**Exercise prompt**
From the records below, print only the part that opens with the line containing "Ceres Jus de pêche casher 1 l, 0,30 $/100ml" and closes with the line containing "Pink Folk Art Rooster Magnet"; omit the pictures.

-------------------------

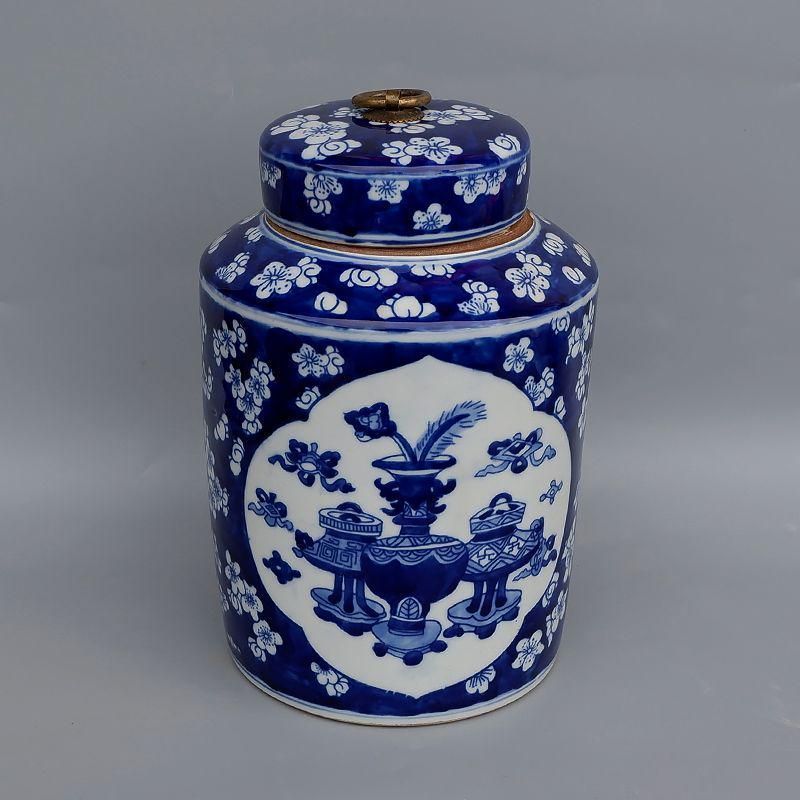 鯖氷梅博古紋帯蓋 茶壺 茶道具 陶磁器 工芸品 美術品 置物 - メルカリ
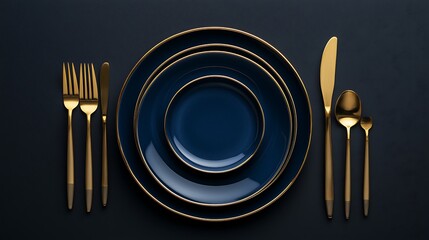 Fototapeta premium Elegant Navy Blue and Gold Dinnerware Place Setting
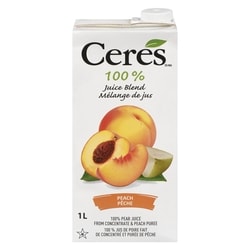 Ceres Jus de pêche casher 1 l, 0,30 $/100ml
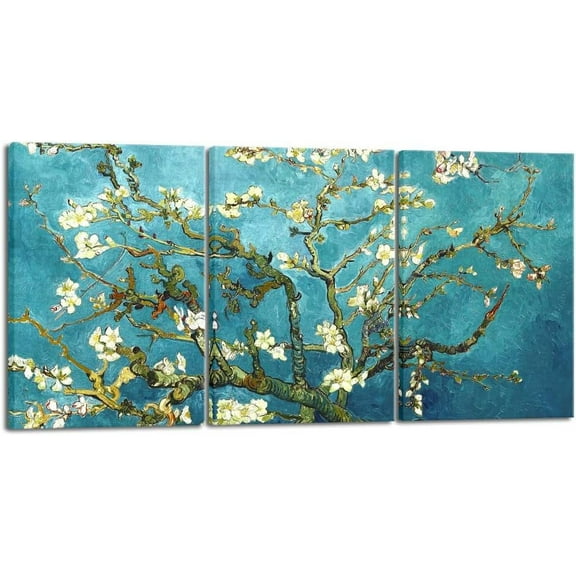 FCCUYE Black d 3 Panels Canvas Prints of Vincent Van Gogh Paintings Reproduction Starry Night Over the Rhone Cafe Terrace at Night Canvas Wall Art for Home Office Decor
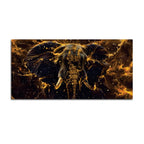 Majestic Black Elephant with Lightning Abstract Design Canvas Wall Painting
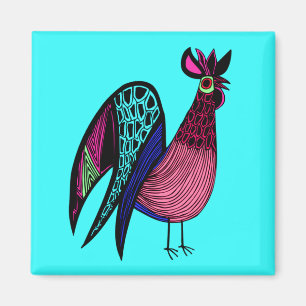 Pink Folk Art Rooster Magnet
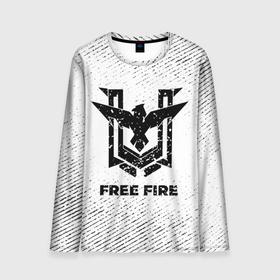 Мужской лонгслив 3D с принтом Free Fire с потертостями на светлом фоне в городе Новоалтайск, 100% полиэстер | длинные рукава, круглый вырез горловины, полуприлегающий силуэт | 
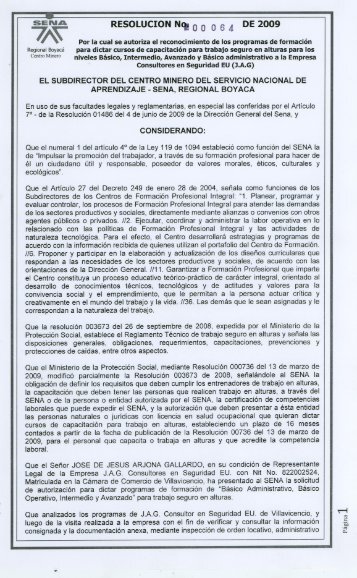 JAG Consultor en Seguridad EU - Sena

-------------------------

**Response to this exercise**
 Ceres Jus de pêche casher 1 l, 0,30 $/100ml
 FCCUYE Black d 3 Panels Canvas Prints of Vincent Van Gogh Paintings Reproduction Starry Night Over the Rhone Cafe Terrace at Night Canvas Wall Art for Home Office Decor
 Majestic Black Elephant with Lightning Abstract Design Canvas Wall Painting
 Pink Folk Art Rooster Magnet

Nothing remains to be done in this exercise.